The other day I talked with a young friend about something bad he did a few years ago as a teenager. The crime was never prosecuted, but it hurt someone. Sometimes my young friend has been agonized, even suicidal, over what he did.

I thought of him during recent arguments over how Bend’s newspaper, The Bulletin, covered the Safeway shooting.

Unhinged young men going on shooting sprees with AR-15-style weapons in America is no longer unusual. But as of last week, the people of Central Oregon faced a dark truth. Yes, it can happen here.
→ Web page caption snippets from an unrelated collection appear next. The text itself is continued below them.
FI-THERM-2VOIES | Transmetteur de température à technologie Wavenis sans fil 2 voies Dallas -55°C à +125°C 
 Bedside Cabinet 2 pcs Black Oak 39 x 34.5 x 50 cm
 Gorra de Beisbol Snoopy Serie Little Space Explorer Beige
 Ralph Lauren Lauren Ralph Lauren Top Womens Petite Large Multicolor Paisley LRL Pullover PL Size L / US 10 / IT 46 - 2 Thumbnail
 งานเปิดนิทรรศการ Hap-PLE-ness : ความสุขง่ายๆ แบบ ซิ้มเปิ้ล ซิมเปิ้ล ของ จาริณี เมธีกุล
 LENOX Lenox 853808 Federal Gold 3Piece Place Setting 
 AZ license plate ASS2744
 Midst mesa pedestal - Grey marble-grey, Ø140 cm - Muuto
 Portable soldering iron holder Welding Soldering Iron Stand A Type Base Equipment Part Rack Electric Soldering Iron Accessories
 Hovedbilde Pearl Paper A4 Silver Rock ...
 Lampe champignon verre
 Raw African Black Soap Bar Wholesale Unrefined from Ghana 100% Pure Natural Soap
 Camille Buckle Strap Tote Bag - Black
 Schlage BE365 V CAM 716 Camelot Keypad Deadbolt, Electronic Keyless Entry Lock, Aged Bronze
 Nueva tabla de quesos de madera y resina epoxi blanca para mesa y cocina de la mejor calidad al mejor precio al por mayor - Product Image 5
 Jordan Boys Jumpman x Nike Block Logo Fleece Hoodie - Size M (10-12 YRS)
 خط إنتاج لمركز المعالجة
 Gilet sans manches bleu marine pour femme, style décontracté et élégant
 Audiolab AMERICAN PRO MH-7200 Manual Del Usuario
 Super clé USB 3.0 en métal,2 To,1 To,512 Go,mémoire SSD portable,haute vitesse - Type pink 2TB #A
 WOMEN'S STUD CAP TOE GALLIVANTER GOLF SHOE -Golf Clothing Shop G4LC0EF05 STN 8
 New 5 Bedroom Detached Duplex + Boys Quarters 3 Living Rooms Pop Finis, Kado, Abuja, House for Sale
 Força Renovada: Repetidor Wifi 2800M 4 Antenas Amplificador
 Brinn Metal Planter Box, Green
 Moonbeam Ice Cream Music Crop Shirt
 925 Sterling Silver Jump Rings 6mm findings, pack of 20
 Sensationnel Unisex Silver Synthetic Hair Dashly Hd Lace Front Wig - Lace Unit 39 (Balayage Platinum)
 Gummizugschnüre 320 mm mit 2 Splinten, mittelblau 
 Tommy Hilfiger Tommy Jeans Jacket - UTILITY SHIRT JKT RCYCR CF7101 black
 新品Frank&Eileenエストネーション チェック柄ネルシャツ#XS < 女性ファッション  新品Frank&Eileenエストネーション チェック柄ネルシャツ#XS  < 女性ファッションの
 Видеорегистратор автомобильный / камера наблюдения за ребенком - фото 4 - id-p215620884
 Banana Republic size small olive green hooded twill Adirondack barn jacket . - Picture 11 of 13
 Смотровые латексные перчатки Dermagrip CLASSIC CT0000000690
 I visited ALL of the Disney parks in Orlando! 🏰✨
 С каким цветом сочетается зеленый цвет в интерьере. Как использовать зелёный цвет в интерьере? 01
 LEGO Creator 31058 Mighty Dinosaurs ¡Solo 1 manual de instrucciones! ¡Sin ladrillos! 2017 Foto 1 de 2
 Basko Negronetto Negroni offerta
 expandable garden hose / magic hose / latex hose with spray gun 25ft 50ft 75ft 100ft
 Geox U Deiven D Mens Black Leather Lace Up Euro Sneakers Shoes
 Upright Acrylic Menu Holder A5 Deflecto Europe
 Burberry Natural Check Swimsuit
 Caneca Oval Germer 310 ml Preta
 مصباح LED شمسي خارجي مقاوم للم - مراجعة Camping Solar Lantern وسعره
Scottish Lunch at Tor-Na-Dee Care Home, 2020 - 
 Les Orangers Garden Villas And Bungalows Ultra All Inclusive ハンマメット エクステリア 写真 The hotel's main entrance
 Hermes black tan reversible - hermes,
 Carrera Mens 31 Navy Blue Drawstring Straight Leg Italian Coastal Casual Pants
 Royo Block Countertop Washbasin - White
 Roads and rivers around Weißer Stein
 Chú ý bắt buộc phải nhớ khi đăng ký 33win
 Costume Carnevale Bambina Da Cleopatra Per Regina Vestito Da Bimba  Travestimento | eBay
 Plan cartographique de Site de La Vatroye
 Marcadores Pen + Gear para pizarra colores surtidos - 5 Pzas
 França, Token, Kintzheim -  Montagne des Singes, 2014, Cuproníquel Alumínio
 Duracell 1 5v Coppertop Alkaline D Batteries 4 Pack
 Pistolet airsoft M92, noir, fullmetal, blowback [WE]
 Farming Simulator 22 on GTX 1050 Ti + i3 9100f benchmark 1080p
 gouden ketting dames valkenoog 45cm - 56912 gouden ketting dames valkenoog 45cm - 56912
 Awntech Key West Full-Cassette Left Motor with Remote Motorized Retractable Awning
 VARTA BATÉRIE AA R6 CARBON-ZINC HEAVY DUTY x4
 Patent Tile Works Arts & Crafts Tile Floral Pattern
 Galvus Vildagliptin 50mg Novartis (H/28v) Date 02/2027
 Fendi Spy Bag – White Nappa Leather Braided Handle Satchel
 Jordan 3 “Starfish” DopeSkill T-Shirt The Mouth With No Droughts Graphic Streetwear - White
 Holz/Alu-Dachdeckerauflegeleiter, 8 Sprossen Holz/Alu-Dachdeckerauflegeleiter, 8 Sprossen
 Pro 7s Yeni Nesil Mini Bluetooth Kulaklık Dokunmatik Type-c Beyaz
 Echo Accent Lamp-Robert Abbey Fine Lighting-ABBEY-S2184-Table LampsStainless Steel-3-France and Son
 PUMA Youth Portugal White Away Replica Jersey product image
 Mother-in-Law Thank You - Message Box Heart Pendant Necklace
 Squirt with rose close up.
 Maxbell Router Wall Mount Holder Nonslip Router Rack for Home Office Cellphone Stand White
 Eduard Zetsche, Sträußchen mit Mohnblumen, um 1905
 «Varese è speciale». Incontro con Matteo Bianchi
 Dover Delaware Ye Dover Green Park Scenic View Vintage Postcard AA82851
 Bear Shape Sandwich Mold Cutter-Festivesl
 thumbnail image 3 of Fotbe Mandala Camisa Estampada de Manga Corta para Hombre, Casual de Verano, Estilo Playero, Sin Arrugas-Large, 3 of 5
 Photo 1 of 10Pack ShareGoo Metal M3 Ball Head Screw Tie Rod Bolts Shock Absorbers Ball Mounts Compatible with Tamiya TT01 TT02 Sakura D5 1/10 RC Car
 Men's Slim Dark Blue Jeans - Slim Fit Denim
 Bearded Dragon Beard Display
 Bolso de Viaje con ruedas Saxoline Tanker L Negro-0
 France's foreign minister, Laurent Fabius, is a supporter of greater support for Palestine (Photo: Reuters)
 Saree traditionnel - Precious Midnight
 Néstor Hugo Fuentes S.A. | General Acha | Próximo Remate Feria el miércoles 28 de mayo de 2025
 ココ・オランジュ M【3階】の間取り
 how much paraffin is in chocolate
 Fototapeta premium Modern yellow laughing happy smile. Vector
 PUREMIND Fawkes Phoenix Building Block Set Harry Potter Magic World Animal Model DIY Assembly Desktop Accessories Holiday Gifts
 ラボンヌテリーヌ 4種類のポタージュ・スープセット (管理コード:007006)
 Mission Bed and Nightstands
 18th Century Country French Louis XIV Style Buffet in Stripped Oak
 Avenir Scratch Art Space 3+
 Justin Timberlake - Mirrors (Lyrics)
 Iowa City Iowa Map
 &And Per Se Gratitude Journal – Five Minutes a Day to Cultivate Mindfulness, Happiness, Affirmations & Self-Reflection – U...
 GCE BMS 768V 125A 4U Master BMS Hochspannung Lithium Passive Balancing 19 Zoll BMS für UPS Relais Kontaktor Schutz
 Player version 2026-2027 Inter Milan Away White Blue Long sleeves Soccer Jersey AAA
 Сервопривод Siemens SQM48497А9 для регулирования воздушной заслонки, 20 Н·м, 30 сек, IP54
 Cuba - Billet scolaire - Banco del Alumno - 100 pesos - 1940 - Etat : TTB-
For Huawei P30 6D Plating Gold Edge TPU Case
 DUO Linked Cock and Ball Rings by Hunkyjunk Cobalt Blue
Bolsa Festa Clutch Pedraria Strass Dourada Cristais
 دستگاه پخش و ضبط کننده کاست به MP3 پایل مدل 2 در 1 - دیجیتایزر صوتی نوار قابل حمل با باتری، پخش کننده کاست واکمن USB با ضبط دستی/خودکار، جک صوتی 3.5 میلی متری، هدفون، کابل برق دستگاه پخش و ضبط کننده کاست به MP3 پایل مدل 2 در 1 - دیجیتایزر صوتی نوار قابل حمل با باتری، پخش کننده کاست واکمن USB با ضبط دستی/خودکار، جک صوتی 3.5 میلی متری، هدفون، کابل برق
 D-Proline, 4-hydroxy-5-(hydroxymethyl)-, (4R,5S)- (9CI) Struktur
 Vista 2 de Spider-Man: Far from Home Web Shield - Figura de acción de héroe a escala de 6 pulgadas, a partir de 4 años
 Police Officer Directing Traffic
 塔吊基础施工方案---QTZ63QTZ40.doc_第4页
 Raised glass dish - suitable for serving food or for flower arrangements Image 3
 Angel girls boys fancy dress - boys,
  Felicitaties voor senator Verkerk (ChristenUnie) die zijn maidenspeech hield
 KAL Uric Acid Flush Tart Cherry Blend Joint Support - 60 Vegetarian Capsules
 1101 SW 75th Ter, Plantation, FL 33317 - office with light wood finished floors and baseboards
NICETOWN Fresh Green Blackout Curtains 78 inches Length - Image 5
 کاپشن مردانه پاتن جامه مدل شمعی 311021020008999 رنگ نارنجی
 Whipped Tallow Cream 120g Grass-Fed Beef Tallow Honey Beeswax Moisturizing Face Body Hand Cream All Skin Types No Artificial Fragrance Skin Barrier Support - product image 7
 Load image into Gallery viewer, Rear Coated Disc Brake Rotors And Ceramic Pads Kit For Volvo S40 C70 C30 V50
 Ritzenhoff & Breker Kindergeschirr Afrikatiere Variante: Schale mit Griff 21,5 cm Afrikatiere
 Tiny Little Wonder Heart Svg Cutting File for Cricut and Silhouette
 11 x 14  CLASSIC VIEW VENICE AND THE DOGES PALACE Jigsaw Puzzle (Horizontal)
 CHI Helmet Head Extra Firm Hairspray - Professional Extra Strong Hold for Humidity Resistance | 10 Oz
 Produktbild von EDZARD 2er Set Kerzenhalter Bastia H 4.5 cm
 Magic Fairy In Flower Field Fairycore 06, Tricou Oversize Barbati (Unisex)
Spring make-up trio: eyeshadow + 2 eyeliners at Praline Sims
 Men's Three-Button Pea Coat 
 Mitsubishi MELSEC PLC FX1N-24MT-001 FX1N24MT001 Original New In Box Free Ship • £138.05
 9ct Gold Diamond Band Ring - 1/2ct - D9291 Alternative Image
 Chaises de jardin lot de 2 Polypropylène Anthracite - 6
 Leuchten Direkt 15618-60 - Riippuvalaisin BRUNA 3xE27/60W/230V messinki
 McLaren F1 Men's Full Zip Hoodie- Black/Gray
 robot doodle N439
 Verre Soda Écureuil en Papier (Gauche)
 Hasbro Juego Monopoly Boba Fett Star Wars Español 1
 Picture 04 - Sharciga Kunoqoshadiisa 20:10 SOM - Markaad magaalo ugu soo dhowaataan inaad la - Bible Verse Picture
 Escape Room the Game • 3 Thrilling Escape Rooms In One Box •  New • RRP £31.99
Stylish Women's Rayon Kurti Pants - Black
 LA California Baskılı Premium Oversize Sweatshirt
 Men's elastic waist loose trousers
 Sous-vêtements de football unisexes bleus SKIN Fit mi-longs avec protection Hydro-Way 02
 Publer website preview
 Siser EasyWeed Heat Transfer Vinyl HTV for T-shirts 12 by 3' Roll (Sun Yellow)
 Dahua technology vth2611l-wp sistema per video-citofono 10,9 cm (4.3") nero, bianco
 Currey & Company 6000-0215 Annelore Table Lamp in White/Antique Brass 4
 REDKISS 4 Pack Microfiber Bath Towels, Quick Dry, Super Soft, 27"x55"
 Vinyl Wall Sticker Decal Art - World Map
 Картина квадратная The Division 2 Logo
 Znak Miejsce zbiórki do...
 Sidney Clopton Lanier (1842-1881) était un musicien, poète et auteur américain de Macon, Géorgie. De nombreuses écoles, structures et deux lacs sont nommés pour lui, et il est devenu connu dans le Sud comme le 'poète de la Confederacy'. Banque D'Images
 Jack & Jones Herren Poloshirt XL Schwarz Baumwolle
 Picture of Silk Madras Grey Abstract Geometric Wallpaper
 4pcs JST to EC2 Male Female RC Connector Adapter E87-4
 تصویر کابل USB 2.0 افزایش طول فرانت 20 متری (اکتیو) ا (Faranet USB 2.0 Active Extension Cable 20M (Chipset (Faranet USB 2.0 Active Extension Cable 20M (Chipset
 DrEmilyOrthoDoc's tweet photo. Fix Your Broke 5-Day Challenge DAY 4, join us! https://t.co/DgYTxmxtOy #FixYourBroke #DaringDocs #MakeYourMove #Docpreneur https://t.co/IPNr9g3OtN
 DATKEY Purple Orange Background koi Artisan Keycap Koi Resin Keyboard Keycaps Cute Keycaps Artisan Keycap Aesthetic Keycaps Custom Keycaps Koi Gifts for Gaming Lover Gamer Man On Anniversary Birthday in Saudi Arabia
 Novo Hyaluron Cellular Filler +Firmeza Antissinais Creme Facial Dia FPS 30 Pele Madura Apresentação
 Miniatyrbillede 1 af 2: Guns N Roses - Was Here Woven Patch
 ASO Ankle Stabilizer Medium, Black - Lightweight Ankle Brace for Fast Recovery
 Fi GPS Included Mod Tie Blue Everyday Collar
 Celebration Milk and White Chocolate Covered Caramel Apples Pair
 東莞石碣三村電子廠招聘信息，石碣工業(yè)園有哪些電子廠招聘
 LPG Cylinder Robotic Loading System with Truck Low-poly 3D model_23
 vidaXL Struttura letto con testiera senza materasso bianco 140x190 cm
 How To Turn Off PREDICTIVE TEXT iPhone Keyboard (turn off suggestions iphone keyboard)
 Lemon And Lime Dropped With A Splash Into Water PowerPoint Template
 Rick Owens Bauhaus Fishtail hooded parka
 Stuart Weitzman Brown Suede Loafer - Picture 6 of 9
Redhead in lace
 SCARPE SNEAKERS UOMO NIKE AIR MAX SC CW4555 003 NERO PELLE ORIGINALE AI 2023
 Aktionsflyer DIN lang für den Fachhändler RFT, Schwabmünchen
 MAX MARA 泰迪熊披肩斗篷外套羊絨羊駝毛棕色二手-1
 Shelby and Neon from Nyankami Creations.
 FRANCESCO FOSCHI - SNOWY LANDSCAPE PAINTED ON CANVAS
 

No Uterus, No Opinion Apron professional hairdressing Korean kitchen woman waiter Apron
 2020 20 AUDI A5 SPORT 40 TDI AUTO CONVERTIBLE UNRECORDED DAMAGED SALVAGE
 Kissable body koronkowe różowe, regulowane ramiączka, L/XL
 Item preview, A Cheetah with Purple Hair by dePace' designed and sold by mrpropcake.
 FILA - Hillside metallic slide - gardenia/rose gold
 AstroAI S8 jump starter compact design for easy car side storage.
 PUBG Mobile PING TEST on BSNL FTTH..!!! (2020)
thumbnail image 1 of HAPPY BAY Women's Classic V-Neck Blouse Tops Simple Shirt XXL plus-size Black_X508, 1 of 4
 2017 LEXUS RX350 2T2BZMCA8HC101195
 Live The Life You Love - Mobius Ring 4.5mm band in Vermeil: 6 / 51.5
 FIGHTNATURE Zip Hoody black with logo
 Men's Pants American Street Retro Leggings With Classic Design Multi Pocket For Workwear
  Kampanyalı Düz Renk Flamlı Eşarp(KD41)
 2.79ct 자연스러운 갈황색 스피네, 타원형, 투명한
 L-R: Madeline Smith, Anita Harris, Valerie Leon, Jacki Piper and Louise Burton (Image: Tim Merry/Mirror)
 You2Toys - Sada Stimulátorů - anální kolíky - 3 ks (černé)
Yet, we could take solemn joy in reading about Donald Surrett. He was the hero who tried to stop the shooter—and died trying. Then came new information. The Bulletin wrote on September 1 that Surrett was a convicted criminal who had served time in prison nearly 30 ago. Tackily, the paper put quotation marks around “Hero” in the accompanying headline. In online comments and letters to the editor, including one here in The Nugget last week, folks fumed at The Bulletin’s editors. How dare they publish this unsavory information?

Gerry O’Brien of The Bulletin ran an editorial explaining the paper’s decision.

A seasoned writer and editor myself, I didn’t buy his implication that editors don’t choose what to print.

Of course we do.

Editors select which stories to cover, how to cover them, and what information to include.

There’s a lot to consider: the availability of sources, writers, copy editors, fact checkers, and photographers.

Whether or not a story is compelling, both to editorial staff and to readers.

The bald reality of covering costs and paying staff.

Respect for the particular community served by the publication.

And a genuine curiosity, a drive to learn more, combined with a fundamental respect for truth.

This process of choice is an essential part of journalism’s exciting and vital role. As the Internet shows, having unlimited access to vast firehoses of unedited, un-curated information just makes people crazy and exhausted.

He stumbled there, but O’Brien went on to offer a reasonable defense of The Bulletin’s choice: “He is being praised for his bravery as he should be...” O’Brien wrote of Surrett. “He has paid his dues to society. And he deserves hero status. But the public also deserves to have a full and fair picture of this person.”

I agree. By painting a full picture of our local hero, reporters allowed us to see the potential hero in everyone, including ourselves. Including my young friend. While he can never undo the act he committed before, he can move forward. With help and support, he and folks like him can learn healthy ways of living and thinking. Enjoy friendships and families. Give back to their communities.

In other words, they don’t have to become the next Safeway shooter. They can be the next Donald Surrett.

It helps if they can see real people reflected in the media — not just spectacular heroes with shining medals and glimmering backgrounds. Not just over-the-top bad-guy villains. Real people like themselves, like all our selves.

People who have done bad things but refuse to get stuck on the Dark Side. Imperfect people who try hard.

Media reporting goes both ways. A criminal’s neighbors, teachers, or family members are often interviewed in news coverage. Sometimes they’re shocked and bewildered that this nice, polite person in their lives committed some terrible crime. When a newspaper prints these reactions, it helps readers understand the perpetrator and the circumstances. We realize that everyone who shows a pleasant exterior to the world is not necessarily nice and safe.

We begin to understand: Whatever causes horrific crimes, it is not reserved for people who look or act a certain way. Horrific crimes on the level of murder or mass shooting can be committed by someone who seems “normal” and has no criminal history.

It’s not a reassuring thought. But it helps us get a more accurate view of reality. If we are shown only the surface-level goodness or only the blaring badness, we’re getting a cheap, incomplete view of a person — and of our world.

In this case, we have a local hero who committed deeds in the past worthy of being sentenced to 10 years in prison by a military court. Ignoring Surrett’s past would suggest that only certain people are allowed to take heroic action. People with unblemished police records. People with perfect white teeth and smooth complexions, perhaps. Allowing readers to see Surrett’s many layers helps us understand that we can all be heroes. Me, you, my young friend with the troubled past.

Even if we have made mistakes. Even if we might make more tomorrow.

Like Donald Surrett, we can be heroes — just for one day.